Content starts

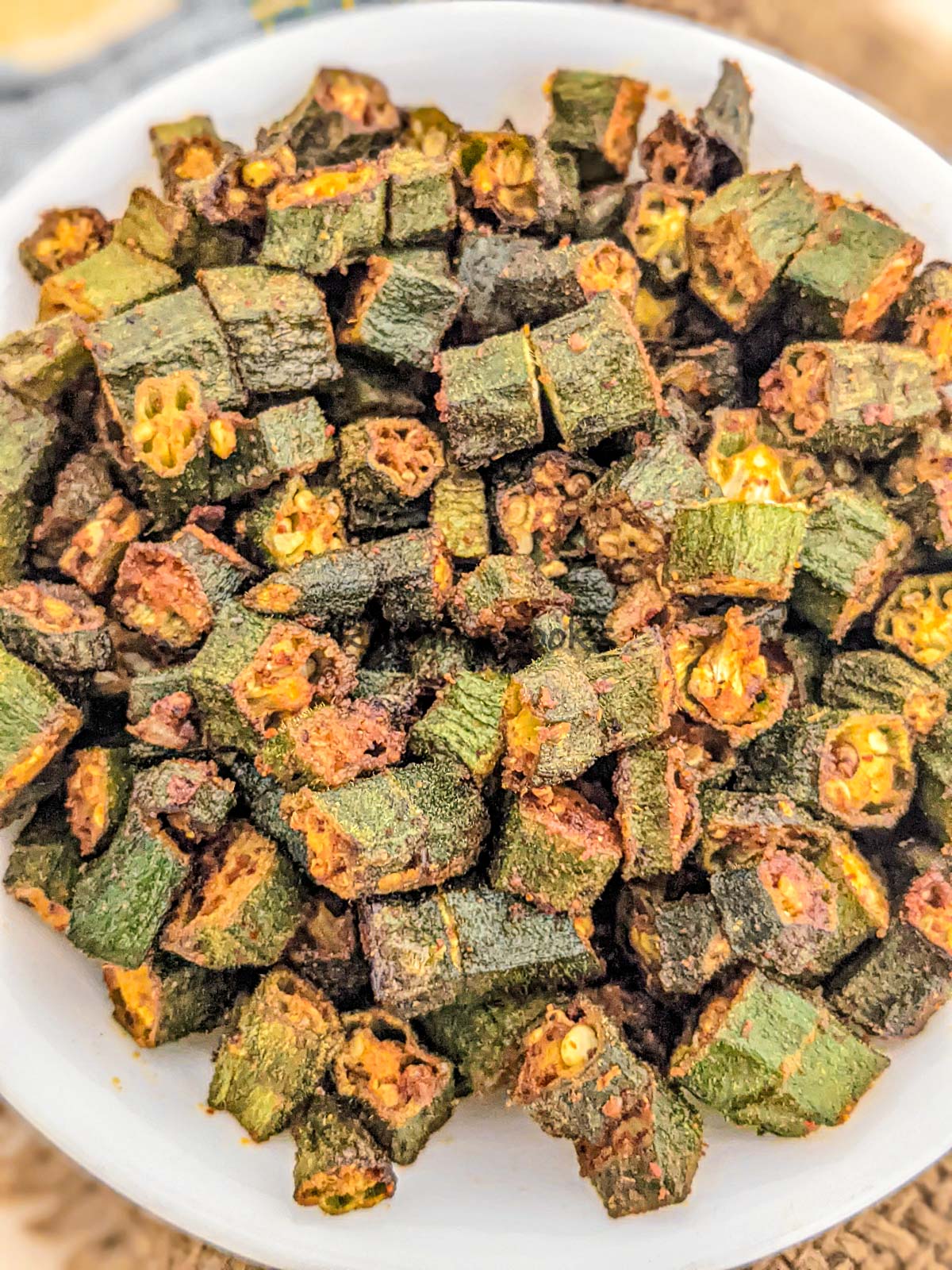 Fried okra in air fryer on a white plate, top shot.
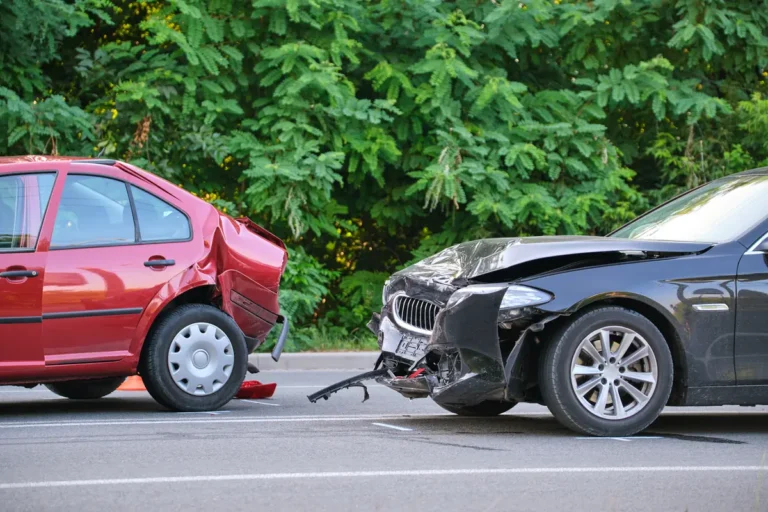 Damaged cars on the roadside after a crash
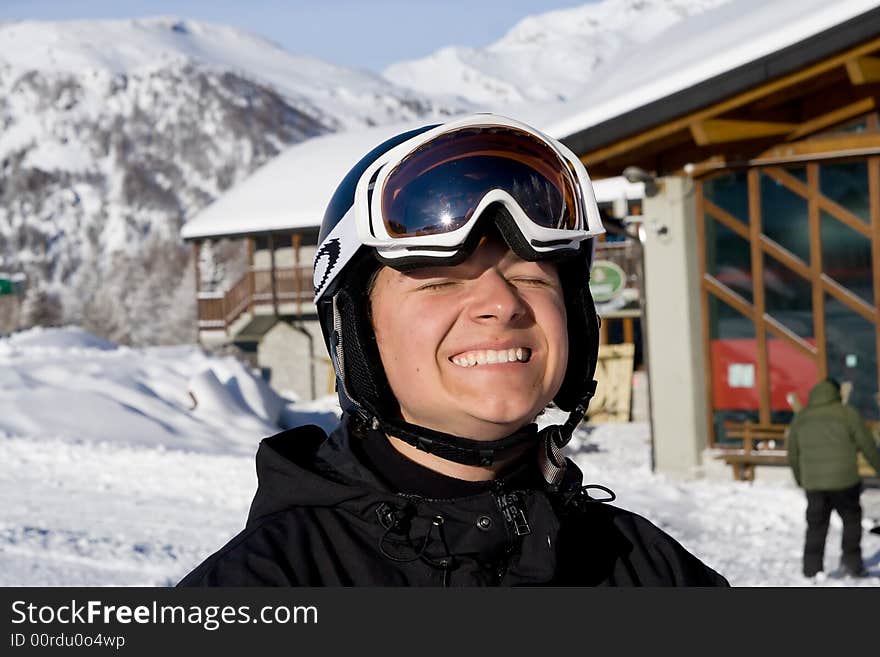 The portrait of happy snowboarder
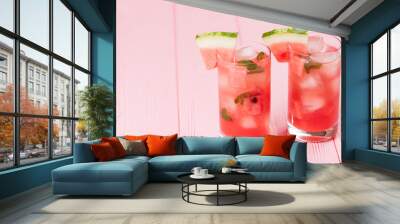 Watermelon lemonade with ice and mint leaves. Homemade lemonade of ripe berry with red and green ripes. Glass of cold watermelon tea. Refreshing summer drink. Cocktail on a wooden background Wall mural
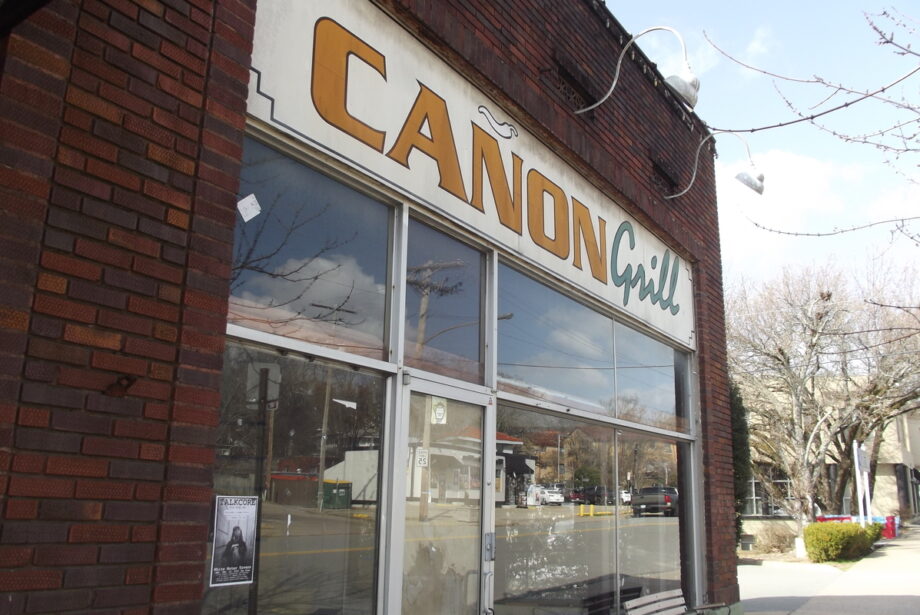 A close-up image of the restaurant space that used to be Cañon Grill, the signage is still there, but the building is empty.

Content ends
Content starts

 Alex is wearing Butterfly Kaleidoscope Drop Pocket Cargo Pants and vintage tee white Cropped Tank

Content ends

- **Task to complete**
Produce an exact reproduction of the listing above, limited to the lines starting at the line with "Fried okra in" and ending at the line with "A close-up image", both kept, with every picture left out.

- **Result of the task**
 Fried okra in air fryer on a white plate, top shot.
 Damaged cars on the roadside after a crash
 The portrait of happy snowboarder
 Watermelon lemonade with ice and mint leaves. Homemade lemonade of ripe berry with red and green ripes. Glass of cold watermelon tea. Refreshing summer drink. Cocktail on a wooden background Wall mural
 A close-up image of the restaurant space that used to be Cañon Grill, the signage is still there, but the building is empty.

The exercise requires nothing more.